(MATERIALS PROVIDED begins)

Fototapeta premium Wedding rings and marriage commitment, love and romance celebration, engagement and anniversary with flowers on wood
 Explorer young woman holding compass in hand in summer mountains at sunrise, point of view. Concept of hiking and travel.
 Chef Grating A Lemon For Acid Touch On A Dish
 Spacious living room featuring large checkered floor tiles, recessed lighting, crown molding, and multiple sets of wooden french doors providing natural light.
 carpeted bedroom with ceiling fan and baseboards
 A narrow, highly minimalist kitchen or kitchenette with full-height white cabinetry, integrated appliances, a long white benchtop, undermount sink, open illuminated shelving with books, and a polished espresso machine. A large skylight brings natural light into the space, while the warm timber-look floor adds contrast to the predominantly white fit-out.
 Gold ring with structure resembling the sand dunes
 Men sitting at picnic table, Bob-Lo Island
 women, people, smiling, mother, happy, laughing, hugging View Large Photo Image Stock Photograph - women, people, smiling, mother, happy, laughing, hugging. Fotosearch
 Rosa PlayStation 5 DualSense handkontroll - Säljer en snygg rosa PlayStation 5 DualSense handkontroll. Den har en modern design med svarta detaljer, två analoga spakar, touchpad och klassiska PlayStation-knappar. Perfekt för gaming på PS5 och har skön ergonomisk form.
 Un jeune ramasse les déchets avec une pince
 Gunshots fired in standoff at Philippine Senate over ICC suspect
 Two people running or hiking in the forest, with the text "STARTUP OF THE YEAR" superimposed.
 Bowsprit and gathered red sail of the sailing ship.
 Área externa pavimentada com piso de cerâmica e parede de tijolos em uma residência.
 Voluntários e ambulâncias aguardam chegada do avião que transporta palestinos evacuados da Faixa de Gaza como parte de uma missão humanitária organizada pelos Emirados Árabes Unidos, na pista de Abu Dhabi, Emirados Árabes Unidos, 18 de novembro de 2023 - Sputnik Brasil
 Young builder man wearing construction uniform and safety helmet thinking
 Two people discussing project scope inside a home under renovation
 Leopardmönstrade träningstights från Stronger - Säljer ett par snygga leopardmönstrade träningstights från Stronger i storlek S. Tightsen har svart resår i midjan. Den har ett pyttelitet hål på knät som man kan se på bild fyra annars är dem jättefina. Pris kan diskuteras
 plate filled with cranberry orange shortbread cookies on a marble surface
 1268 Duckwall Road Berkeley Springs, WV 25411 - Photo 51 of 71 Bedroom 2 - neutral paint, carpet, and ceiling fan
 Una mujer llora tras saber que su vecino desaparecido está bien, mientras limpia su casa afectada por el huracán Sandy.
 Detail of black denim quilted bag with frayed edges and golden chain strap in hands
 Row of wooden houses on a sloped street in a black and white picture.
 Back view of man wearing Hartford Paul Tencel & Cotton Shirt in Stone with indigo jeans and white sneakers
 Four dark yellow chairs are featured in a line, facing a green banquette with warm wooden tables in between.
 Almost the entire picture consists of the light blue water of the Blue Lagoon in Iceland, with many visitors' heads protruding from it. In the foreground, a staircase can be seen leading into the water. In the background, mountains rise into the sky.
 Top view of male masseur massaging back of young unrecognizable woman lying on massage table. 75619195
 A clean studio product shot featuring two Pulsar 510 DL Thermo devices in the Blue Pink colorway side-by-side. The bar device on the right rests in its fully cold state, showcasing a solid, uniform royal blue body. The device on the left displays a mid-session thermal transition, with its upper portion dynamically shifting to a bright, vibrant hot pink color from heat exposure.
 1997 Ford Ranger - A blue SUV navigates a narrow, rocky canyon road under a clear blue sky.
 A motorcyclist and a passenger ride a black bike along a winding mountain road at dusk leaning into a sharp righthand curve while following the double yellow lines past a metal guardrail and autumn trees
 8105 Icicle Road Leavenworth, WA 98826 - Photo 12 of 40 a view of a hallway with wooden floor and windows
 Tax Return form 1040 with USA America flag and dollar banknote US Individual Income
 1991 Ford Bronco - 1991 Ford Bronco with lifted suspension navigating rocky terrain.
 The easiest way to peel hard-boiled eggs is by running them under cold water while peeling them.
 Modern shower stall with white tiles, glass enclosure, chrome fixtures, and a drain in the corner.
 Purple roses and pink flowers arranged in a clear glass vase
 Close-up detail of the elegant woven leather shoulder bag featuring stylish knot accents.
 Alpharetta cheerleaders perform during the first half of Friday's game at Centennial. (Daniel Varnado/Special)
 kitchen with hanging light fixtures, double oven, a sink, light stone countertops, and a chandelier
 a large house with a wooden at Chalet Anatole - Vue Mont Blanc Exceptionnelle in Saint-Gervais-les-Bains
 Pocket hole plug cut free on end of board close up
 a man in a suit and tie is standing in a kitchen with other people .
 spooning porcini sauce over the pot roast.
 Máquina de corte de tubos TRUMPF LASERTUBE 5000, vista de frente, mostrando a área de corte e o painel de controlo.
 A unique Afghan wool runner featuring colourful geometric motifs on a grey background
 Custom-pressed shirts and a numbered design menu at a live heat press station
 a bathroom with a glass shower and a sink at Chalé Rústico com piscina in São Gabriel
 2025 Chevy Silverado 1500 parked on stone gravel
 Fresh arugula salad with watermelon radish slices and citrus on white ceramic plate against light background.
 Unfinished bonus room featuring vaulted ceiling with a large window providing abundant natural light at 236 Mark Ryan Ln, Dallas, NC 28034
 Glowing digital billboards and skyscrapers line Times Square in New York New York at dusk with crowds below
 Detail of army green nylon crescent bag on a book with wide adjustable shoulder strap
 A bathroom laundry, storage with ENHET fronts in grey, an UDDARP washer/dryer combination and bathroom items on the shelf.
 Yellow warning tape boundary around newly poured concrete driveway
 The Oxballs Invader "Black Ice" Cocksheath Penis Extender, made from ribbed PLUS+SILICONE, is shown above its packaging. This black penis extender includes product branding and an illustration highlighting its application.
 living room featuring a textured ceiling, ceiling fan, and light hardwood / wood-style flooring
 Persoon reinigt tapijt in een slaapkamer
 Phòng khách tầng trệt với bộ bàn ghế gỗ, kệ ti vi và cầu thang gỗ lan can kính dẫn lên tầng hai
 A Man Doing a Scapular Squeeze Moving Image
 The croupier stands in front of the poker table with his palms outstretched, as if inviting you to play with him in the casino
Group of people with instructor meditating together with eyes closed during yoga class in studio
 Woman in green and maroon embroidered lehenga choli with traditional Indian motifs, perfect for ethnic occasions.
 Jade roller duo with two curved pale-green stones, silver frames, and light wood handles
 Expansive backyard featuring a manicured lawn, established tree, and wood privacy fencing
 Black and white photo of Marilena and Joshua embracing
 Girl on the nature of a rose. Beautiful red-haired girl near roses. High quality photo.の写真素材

(MATERIALS PROVIDED ends)

* **WHAT NEEDS TO BE DONE**
Take the stretch of lines above from the one containing "Detail of black" through the one containing "The easiest way" and repeat it exactly, adding no other line.

* **SOLUTION TO THIS TASK**
 Detail of black denim quilted bag with frayed edges and golden chain strap in hands
 Row of wooden houses on a sloped street in a black and white picture.
 Back view of man wearing Hartford Paul Tencel & Cotton Shirt in Stone with indigo jeans and white sneakers
 Four dark yellow chairs are featured in a line, facing a green banquette with warm wooden tables in between.
 Almost the entire picture consists of the light blue water of the Blue Lagoon in Iceland, with many visitors' heads protruding from it. In the foreground, a staircase can be seen leading into the water. In the background, mountains rise into the sky.
 Top view of male masseur massaging back of young unrecognizable woman lying on massage table. 75619195
 A clean studio product shot featuring two Pulsar 510 DL Thermo devices in the Blue Pink colorway side-by-side. The bar device on the right rests in its fully cold state, showcasing a solid, uniform royal blue body. The device on the left displays a mid-session thermal transition, with its upper portion dynamically shifting to a bright, vibrant hot pink color from heat exposure.
 1997 Ford Ranger - A blue SUV navigates a narrow, rocky canyon road under a clear blue sky.
 A motorcyclist and a passenger ride a black bike along a winding mountain road at dusk leaning into a sharp righthand curve while following the double yellow lines past a metal guardrail and autumn trees
 8105 Icicle Road Leavenworth, WA 98826 - Photo 12 of 40 a view of a hallway with wooden floor and windows
 Tax Return form 1040 with USA America flag and dollar banknote US Individual Income
 1991 Ford Bronco - 1991 Ford Bronco with lifted suspension navigating rocky terrain.
 The easiest way to peel hard-boiled eggs is by running them under cold water while peeling them.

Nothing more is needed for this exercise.